El infierno de los Cramps
Era un grupo formado a partir de una colección de discos. Parecía una broma pero ellos se lo tomaban muy en serio
Era una pareja viciosa. La depravación de Lux Interior y Poison Ivy consistía en la búsqueda y adquisición de los discos más oscuros editados durante los años cincuenta y sesenta, generalmente sencillos que giraban a 45 revoluciones por minuto. Comenzaron cuando ese coleccionismo era un entusiasmo minoritario, aunque exigía sacrificios: recorrieron casi 3.000 kilómetros, desde California a Memphis, tras enterarse de que existía un almacén en la ciudad sureña donde se liquidaban los restos de catálogo del muy legendario sello Sun Records a precios ridículos (¡cinco singles por un dólar!).
Inevitablemente, parte de ese material tremebundo terminaría entrando en el repertorio de The Cramps, el grupo parido por Lux y Ivy en 1976. Existe cierta tradición de propuestas musicales elaboradas con base a colecciones de discos, sin apenas contar con referencias visuales: piensen en las bandas británicas de rhythm and blues, de los Rolling Stones para abajo, separados por un océano del humus que generó la música original.
Imagino que un oyente moderno encontrará pintoresca esa cultura formada a partir de objetos físicos, de vinilos que, para más inri, no tenían fotos en las fundas. Estoy pensando en esos oyentes ingenuos que realmente creen que toda la música del mundo está en los servicios de streaming (y no, claro que no) y que se puede prescindir del contexto social y cultural, por no hablar de los créditos. Pero Ivy y Lux también se sumergieron en fenómenos coetáneos como el cine de explotación, la literatura pulp, los coches grandes como buques, los tebeos antes de la autocensura editorial.
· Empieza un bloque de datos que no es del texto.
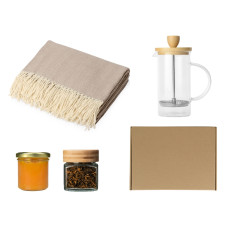 Подарочный набор с пледом, френчпрессом, чаем и вареньем Подарочный набор с пледом, френчпрессом, чаем и вареньем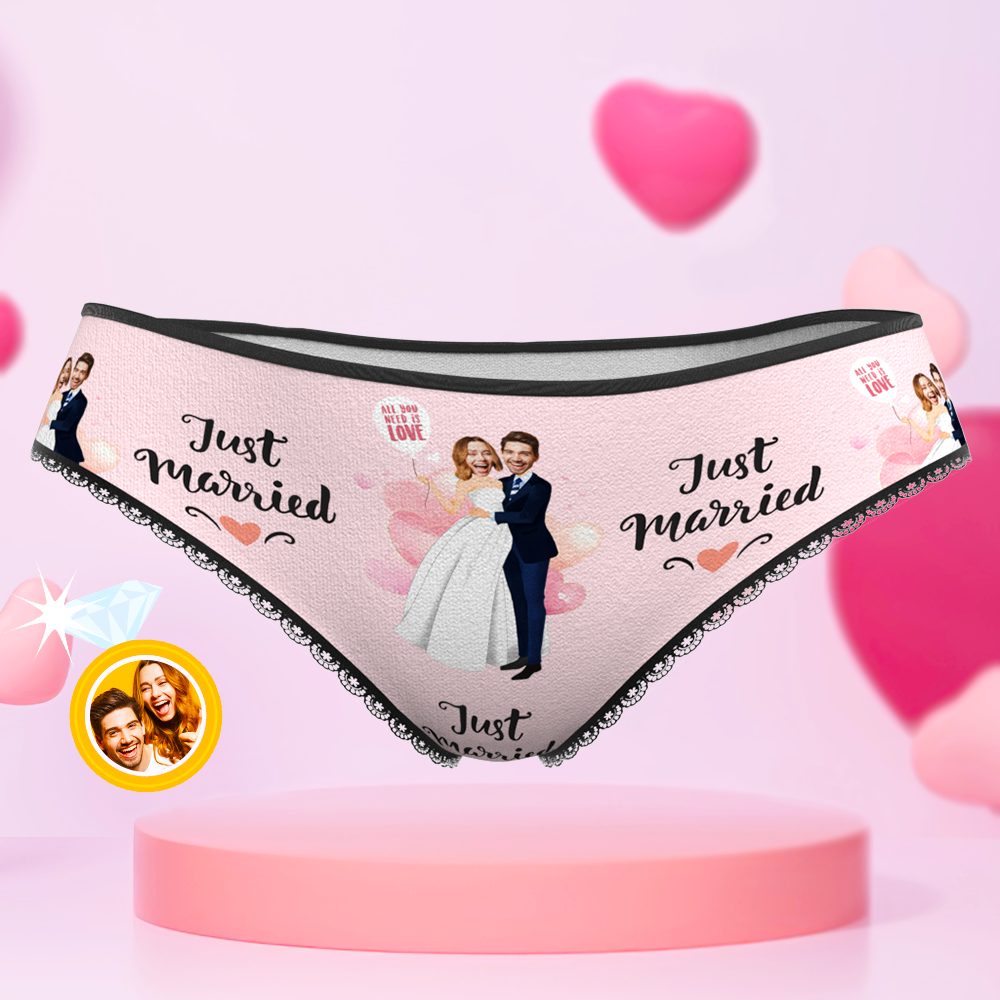 Cadeau Personnalisé De Culotte De Sous-vêtements De Visage Juste Marié Pour Le Couple De Mariage - soufeelfr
La atracción por la gente marginal derivó incluso en un repugnante acercamiento a famosos asesinos en serie, entonces encarcelados y ―la mayoría― esperando la ejecución.
Una de las sorpresas desagradables del libro Viaje al centro de los Cramps (Liburuak), de Dick Porter, es que Lux aplicaba eximentes a esos personajes (“John Wayne Gancy me cae bien”) e incluso relativizaba sus hazañas: “Ed Gein leía un montón de libros sobre canibalismo o cazadores de cabezas. Las cosas que él hacía eran prácticas comunes en otras culturas, en otros países, en otra era.”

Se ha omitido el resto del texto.